Algıları yıkmanın yolu, anlamaktan geçer. Kadın futbolu artık bir ‘alternatif’ olmaktan çıkıyor, oyunun ayrılmaz bir parçası haline geliyor. Peki ona nasıl ayak uydururuz, onu neden ve nasıl anlarız?
İki hafta önce Fransa’da futbol dünyasının en iyileri ödüllendiriliyordu. Futbolun Oscarları sayılan Ballon d’Or’da, birbirinden yaratıcı isimlerle adlandırılmış ödüller ve nihai ‘altın top’un sahipleri açıklanırken; normalde formaları, şortları ya da eşofman takımlarıyla ter içinde görmeye alıştığımız atletler, bu kez mümkün olan en şık halleriyle kasıla kasıla Theatre du Chatelet’deydi. Birçok futbolsever de bu gösterişli geceyi ekran başında takip etti.

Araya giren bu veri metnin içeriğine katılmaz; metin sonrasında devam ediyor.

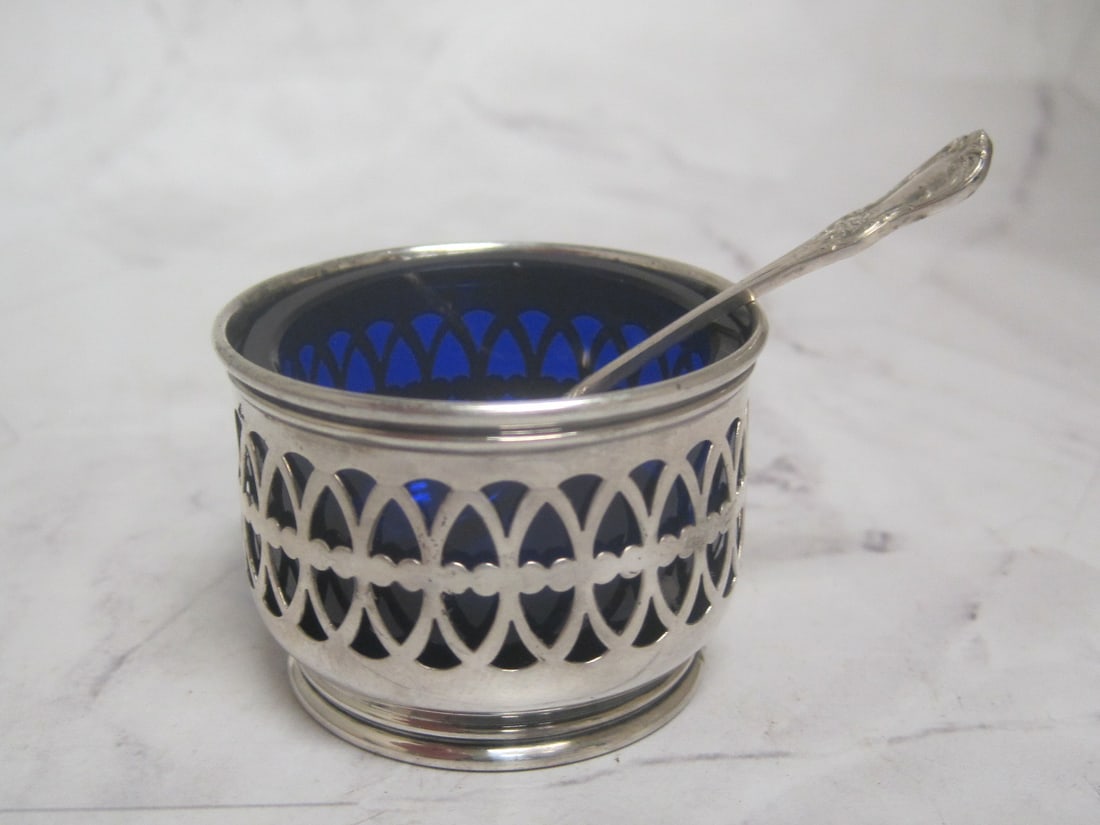 Sterling Silver Salt Cellar & Spoon: Cobalt glass liner, pedestal base, Art deco style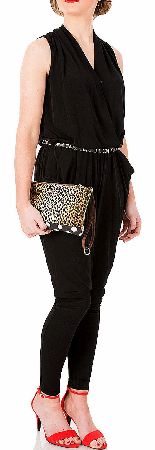 Michael Kors Black Chain Belted Jumpsuit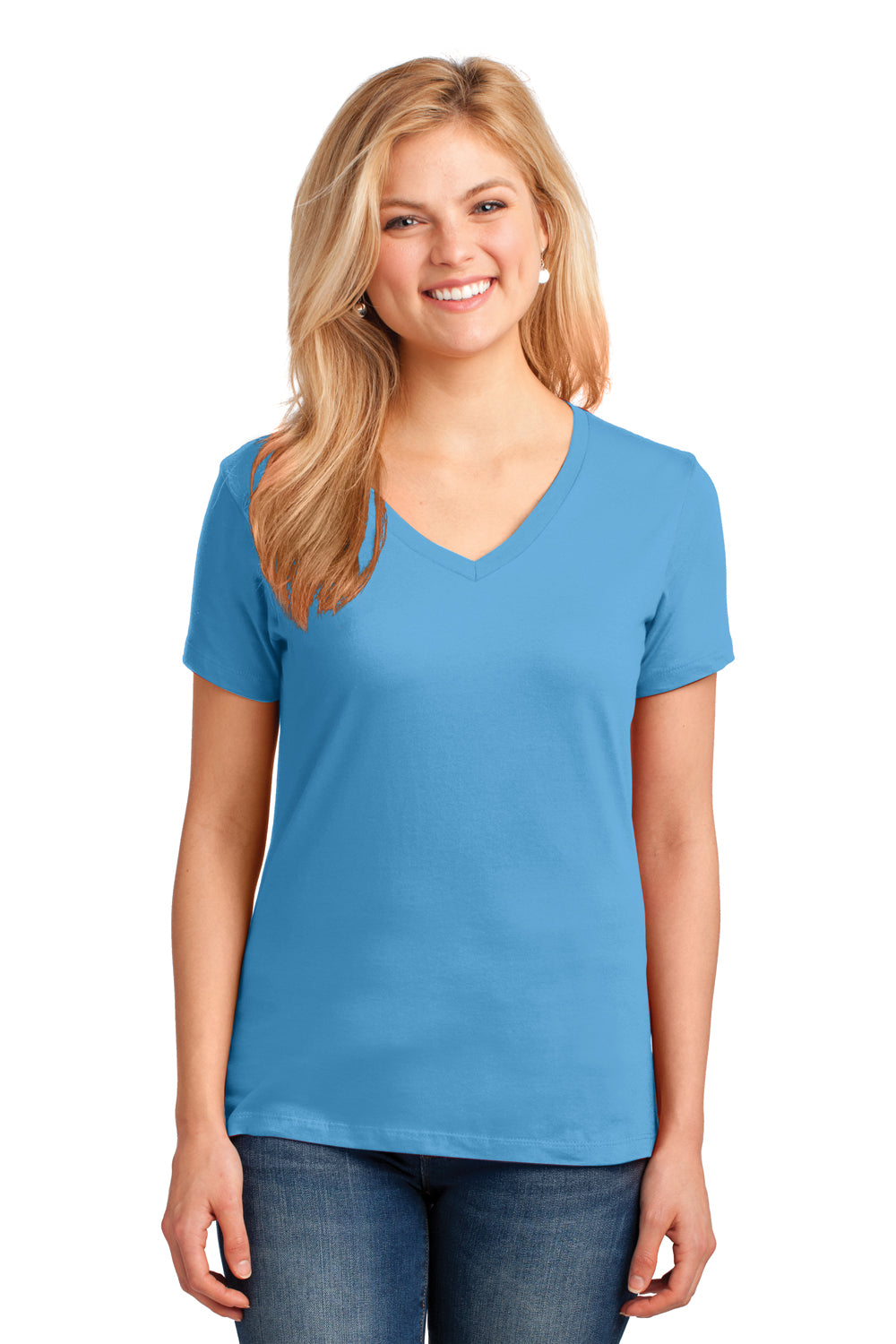 Port & Company LPC54V Womens Core Short Sleeve V-Neck T-Shirt Aqua Blue Front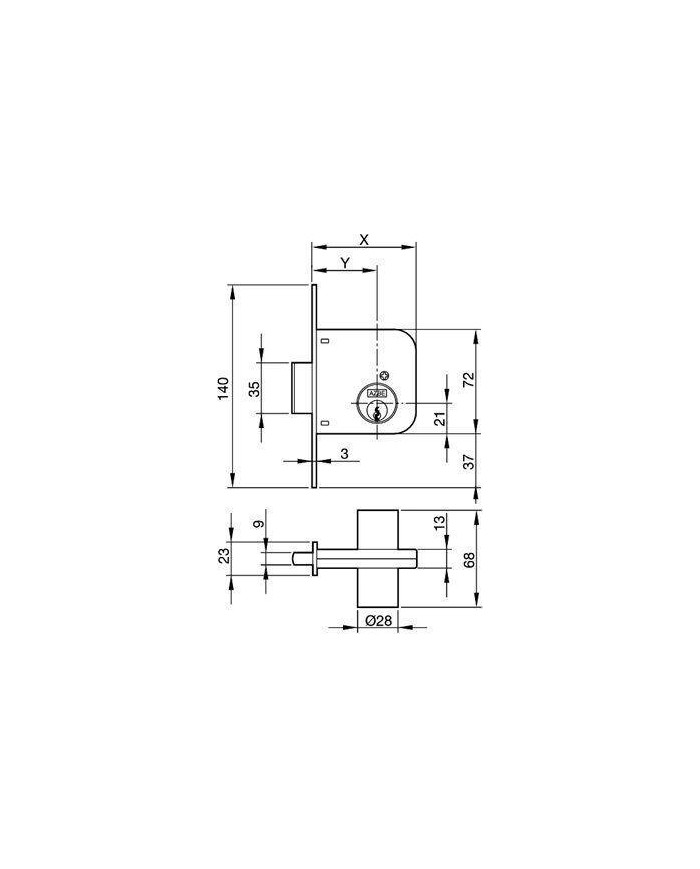 CERRADURA YALE 51HL - 70 MM.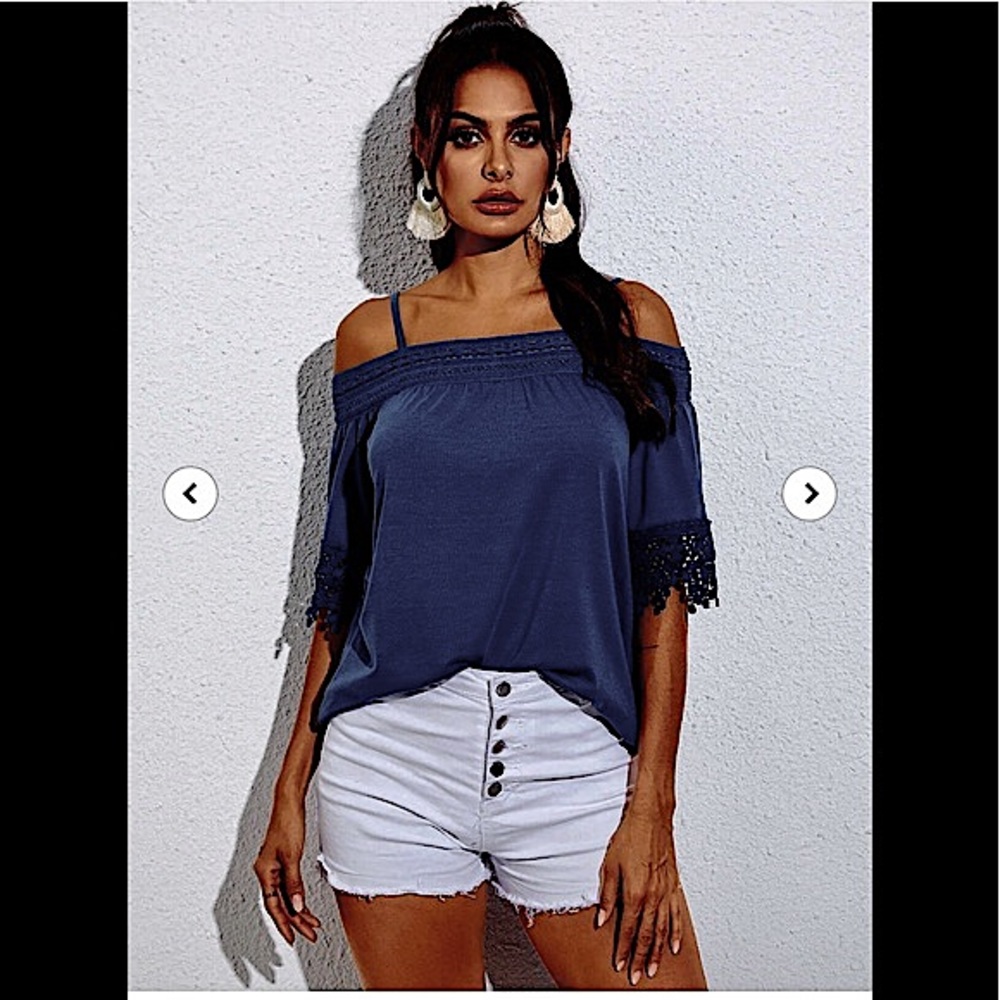 Lace Trimmed Cold Shoulder Blouse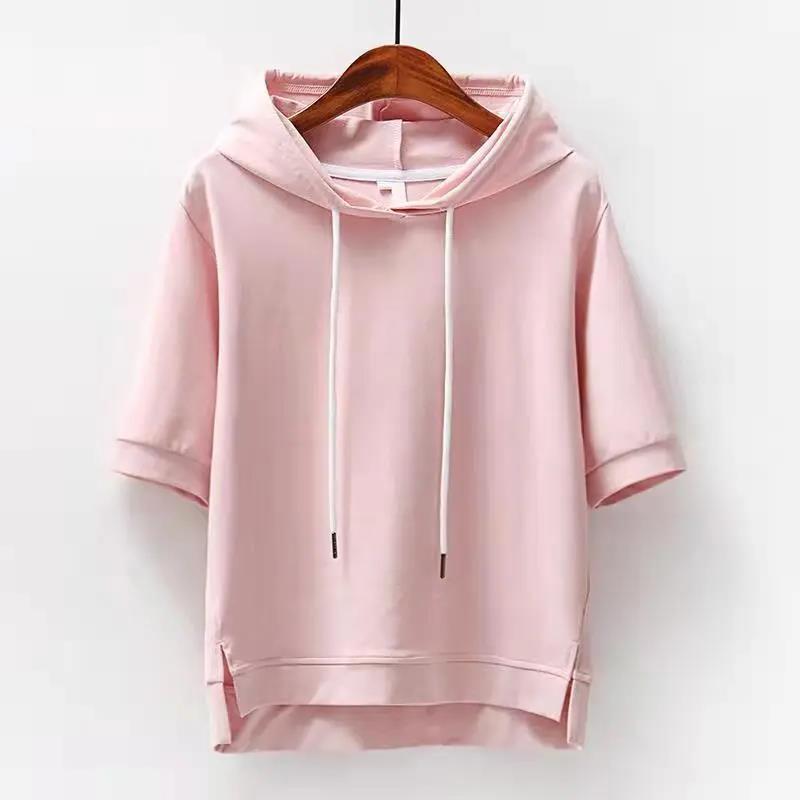 Margaux - Women's Short-Sleeve Drawstring Hoodie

Sanatın ve sporun dahil olduğu her ödül törenini olayı büyütmeden, sadece eğlencesine bakarak keyifle izleyen biri olarak; kadın futbolunun bu tip gecelerde gitgide daha fazla ön plana çıkmasından çok memnunum. Daha da ötesi, mutluyum. Çünkü bu alanın emekçileri, kimilerinin doğuştan sahip olduğu ayrıcalıkları kendi alın teriyle sonradan kazanıyor. Bu sebeple bunlar mutlu olmaya değer yenilikler.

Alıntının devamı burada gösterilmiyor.